The best guide to the likely success of the welfare reform programme is, as we discussed earlier, the Pathways to Work pilots. They were relatively well resourced and included the work-focused interviews. Some 12 per cent of those claimants had the benefit of so-called ““condition management””, a term which, I understand, was applied to different kinds of support that could help a person become suitable for employment. It is of particular interest that, even with condition management, Pathways did not achieve a significant improvement in claimants’ job prospects if they had a mental health problem, as I think we came close to clarifying earlier.
If the Pathways pilots failed to make a significant impact on the employment of people with mental health problems, we can be quite sure that the less-well resourced scheme proposed by the Bill, in which the work would be contracted out, where there would be payment by results and incentives for contracted firms, will not help this substantial group. This system cannot work.
The question is: does this matter? Yes, it does. First, people with mental health problems comprise about 50 per cent of incapacity benefit claimants.
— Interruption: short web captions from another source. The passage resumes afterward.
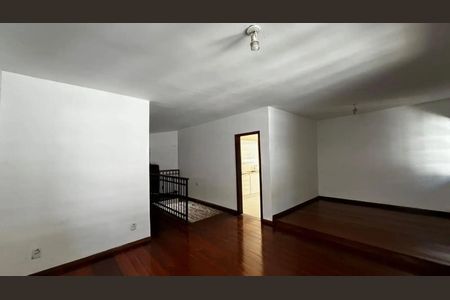 Casa para alugar com 302m², 3 quartos e 4 vagasSala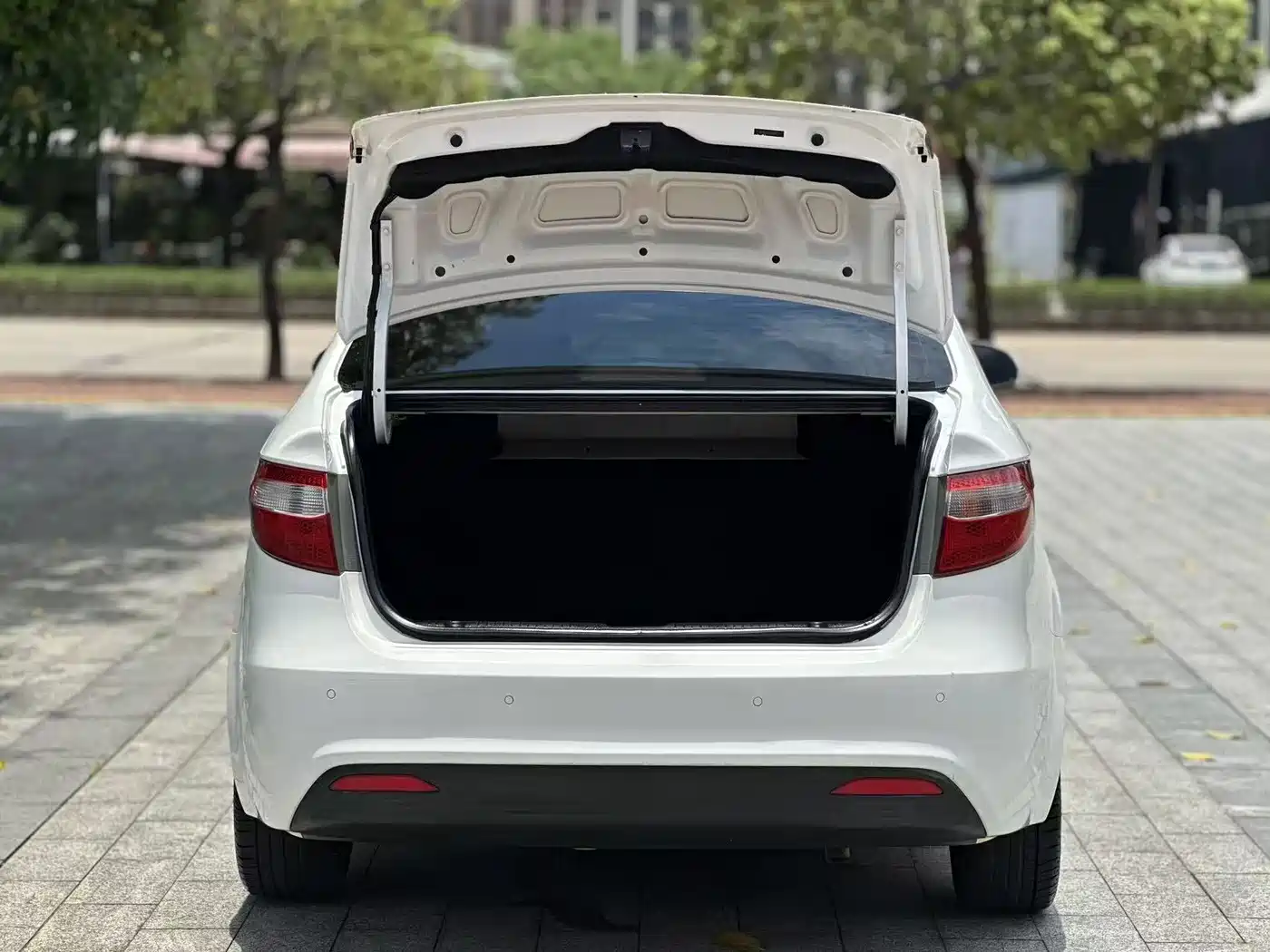 Kia K2 2012 Sedan 1.6L AT Premium Commemorative Edition фото 15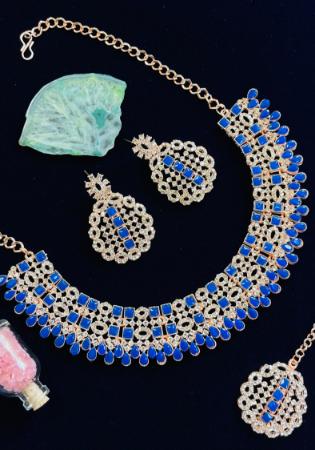 Picture of Resplendent Steel Blue Necklace Set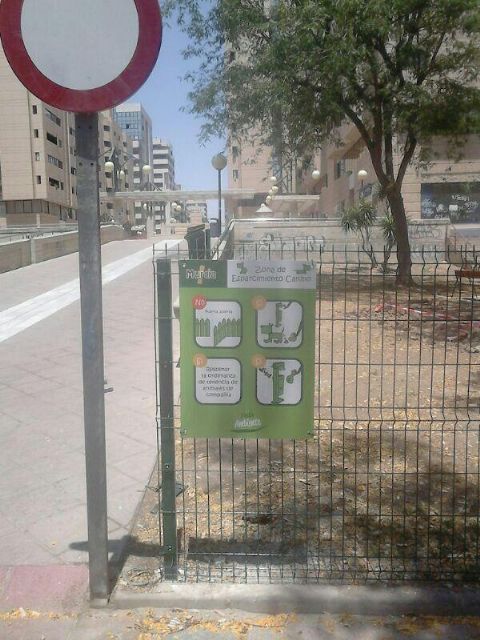 La avenida Abenarabi ya cuenta con una zona de esparcimiento canino - 1, Foto 1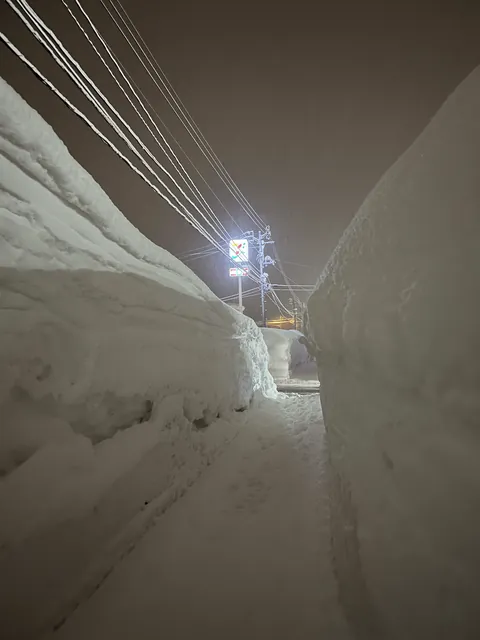Nagano &amp; Niigata, Japan have gotten an INSANE amount of snow recently !!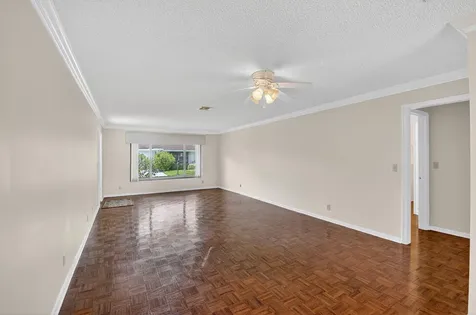 9855 Loquat Tree Run A Run Boynton Beach FL 33436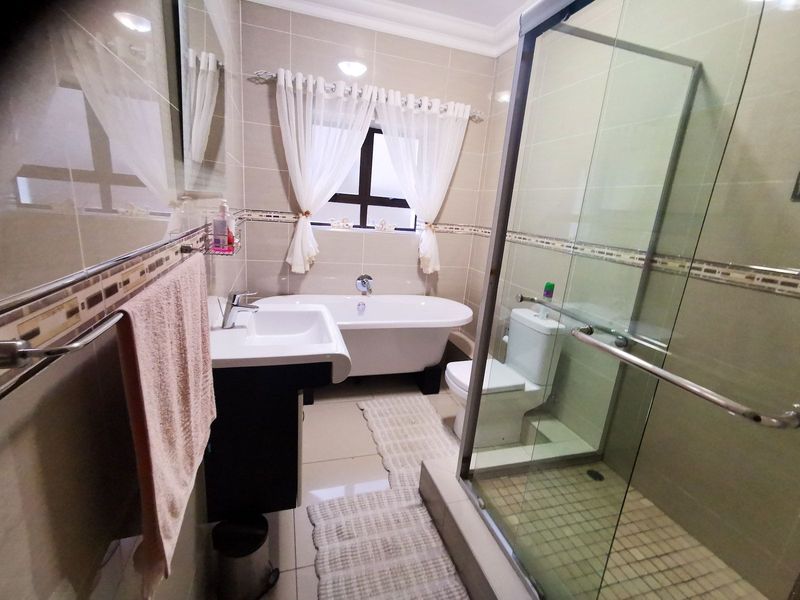 House For Sale in Freeland Park - Photo 10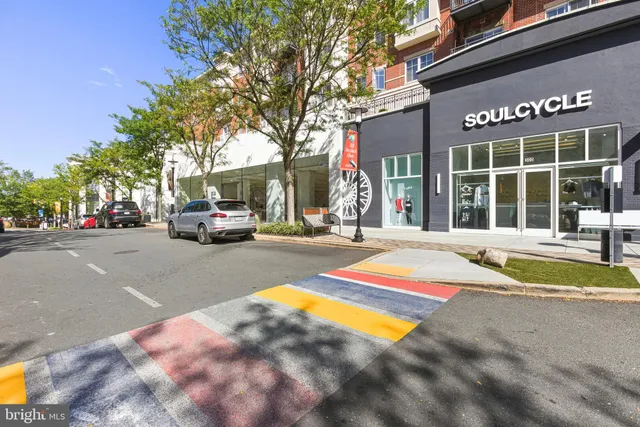 $875,000 | 1220 North Fillmore Street, Unit 602, Arlington, VA 22201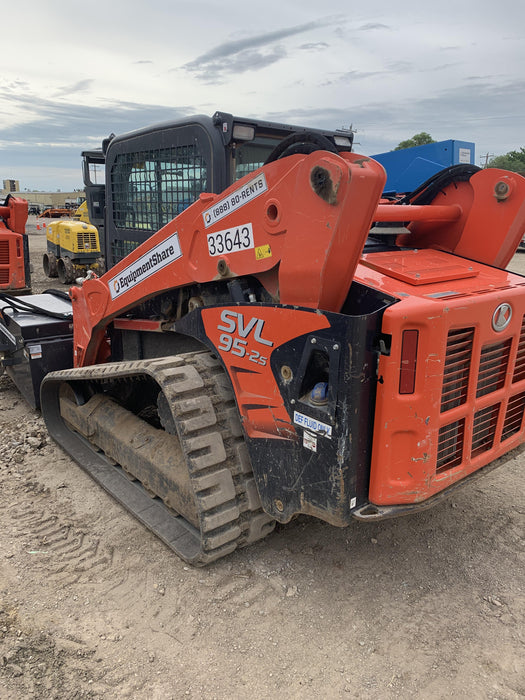 2019 Kubota SVL95-2S Cab/Heat/Air, Standard Tracks, Standard Flow, Hydraulic QC 80" HD w/ Smooth Cutting Edge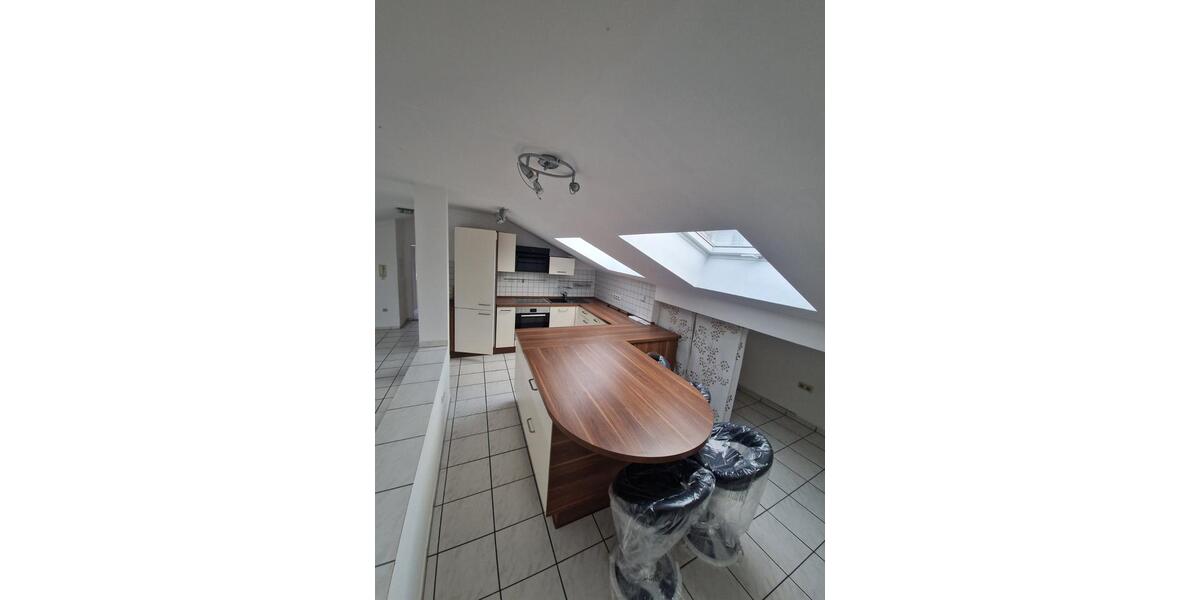 Dachgeschoßwohnung Lützelbach - 4 Zimmer, 84 m&sup2;, 720&euro; | Angebot:25563654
However well the scheme functions for physically incapacitated claimants, the Government will not achieve their target of reducing by a million the number of people dependent on ESA. Then there is the cost of human failure. We know that people with mental health problems are the most stigmatised and excluded of all disabled groups. It would make an enormous difference for many families and others if half a million people who are currently dependent on benefits could be supported back into work. Also, if people with mental health problems in employment were, through the right approaches, helped to maintain themselves in work, that, too, would save so much misery for so many families and individuals. All of this is within our grasp—that is the whole point of this debate. We can do it.
I found myself in the rather strange position of paying tribute to my noble kinsman, Lord Layard—that is certainly a new term of endearment that I shall use on special occasions. It is he who has brought together the evidence to show that, as a nation, we can make a significant impact on the employment of this stigmatised group, thus saving billions of pounds for the Exchequer and for the economy. The DWP will of course be the main beneficiary from all of this.
So what are we proposing? We propose that people suffering depression or other mental health problems, whether as employees struggling to hold on to a job—and that is important—or as benefits claimants, should be offered up to 16 sessions of evidence-based psychological therapy. NICE guidelines point firmly in the direction of CBT as the therapy likely to have most benefit. The guidelines also indicate that self-help and computerised CBT could be helpful for some people. I was pleased to note that NICE recommended family therapy, given that I practised it many years ago and I am very aware of the power of that short-term and, therefore, inexpensive modality.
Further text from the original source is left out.